WHAT NEEDS TO BE DONE
Only the text is wanted; write out each record below exactly and exclude all pictures.

WORKING DATA
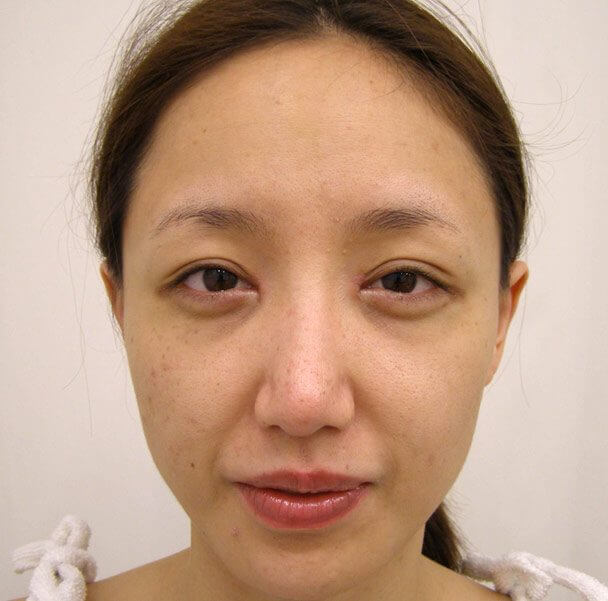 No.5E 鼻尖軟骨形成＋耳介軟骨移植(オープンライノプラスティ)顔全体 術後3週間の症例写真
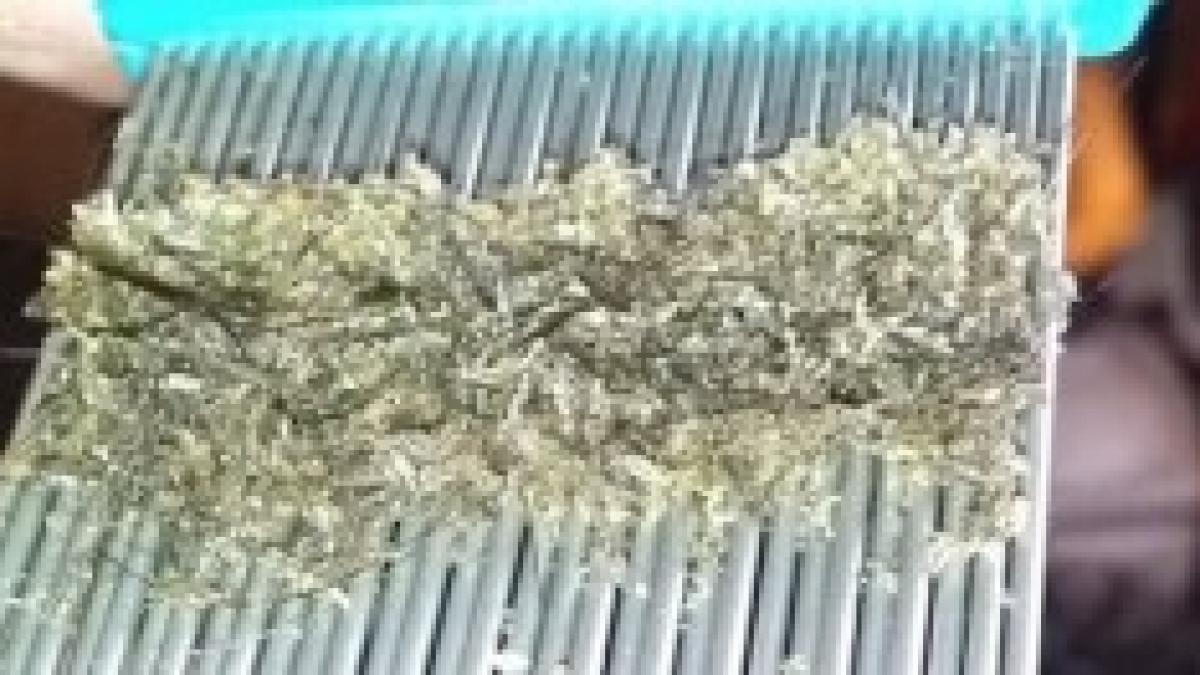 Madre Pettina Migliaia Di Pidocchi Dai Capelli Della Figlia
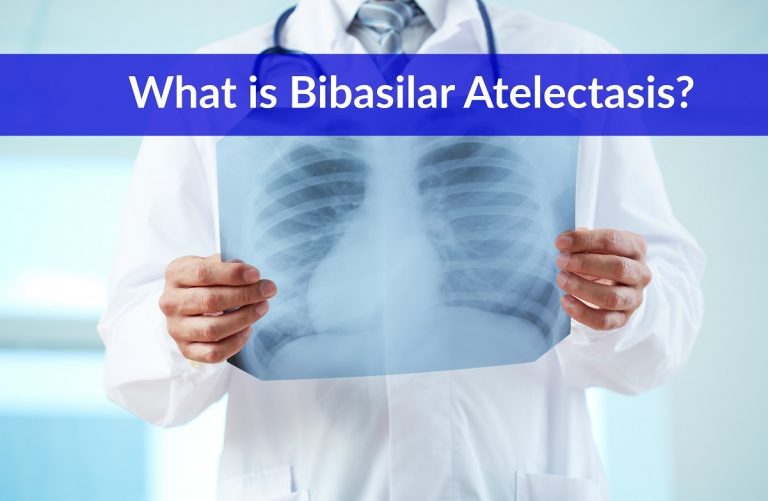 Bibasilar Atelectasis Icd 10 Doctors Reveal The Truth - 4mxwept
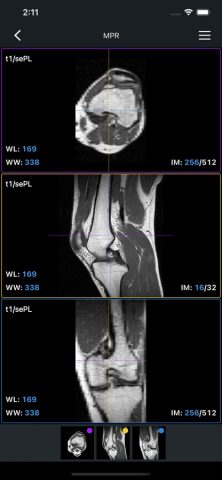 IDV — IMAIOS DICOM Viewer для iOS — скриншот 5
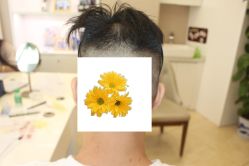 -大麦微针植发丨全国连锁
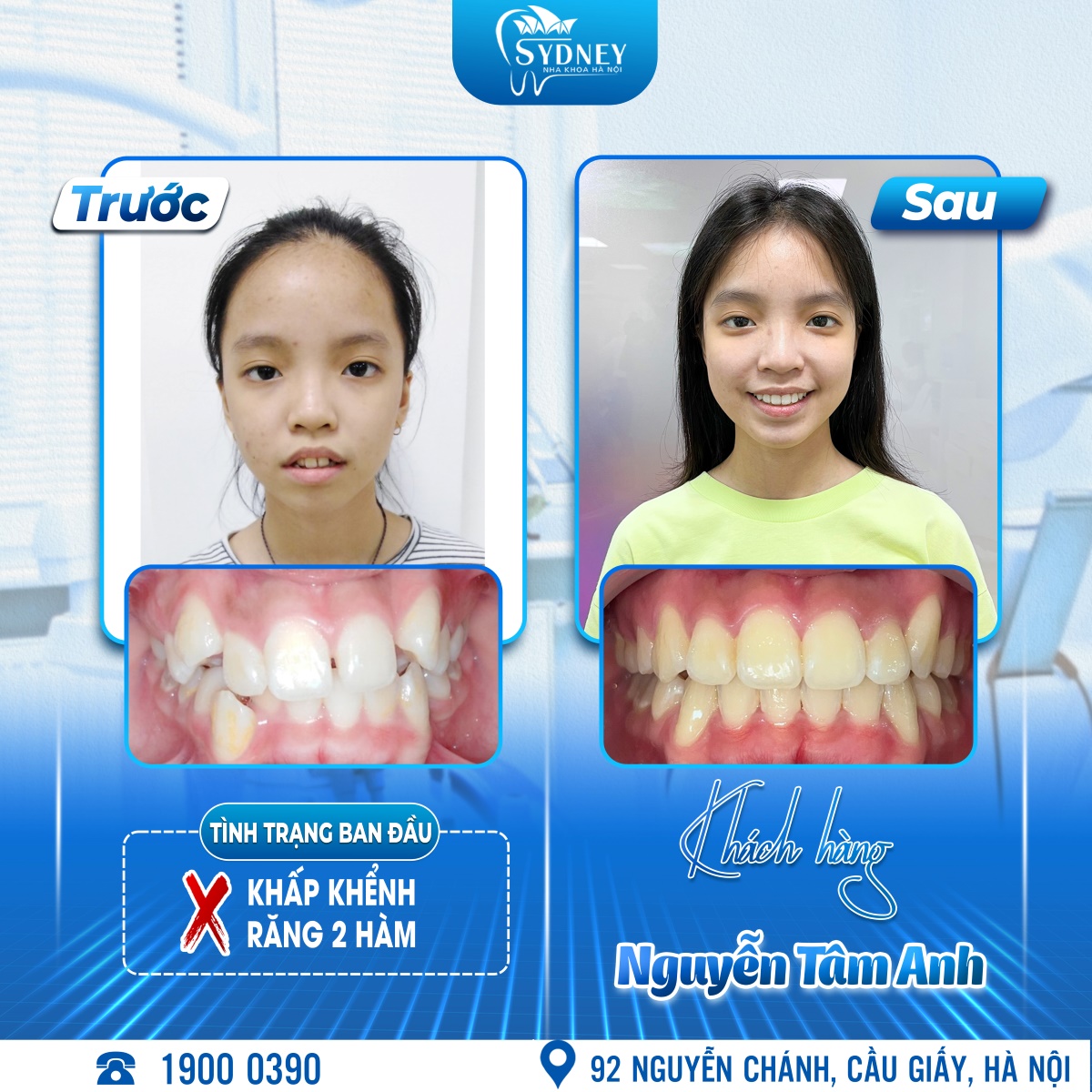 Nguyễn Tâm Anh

SOLUTION FOR THIS EXERCISE
 No.5E 鼻尖軟骨形成＋耳介軟骨移植(オープンライノプラスティ)顔全体 術後3週間の症例写真
 Madre Pettina Migliaia Di Pidocchi Dai Capelli Della Figlia
 Bibasilar Atelectasis Icd 10 Doctors Reveal The Truth - 4mxwept
 IDV — IMAIOS DICOM Viewer для iOS — скриншот 5
 -大麦微针植发丨全国连锁
 Nguyễn Tâm Anh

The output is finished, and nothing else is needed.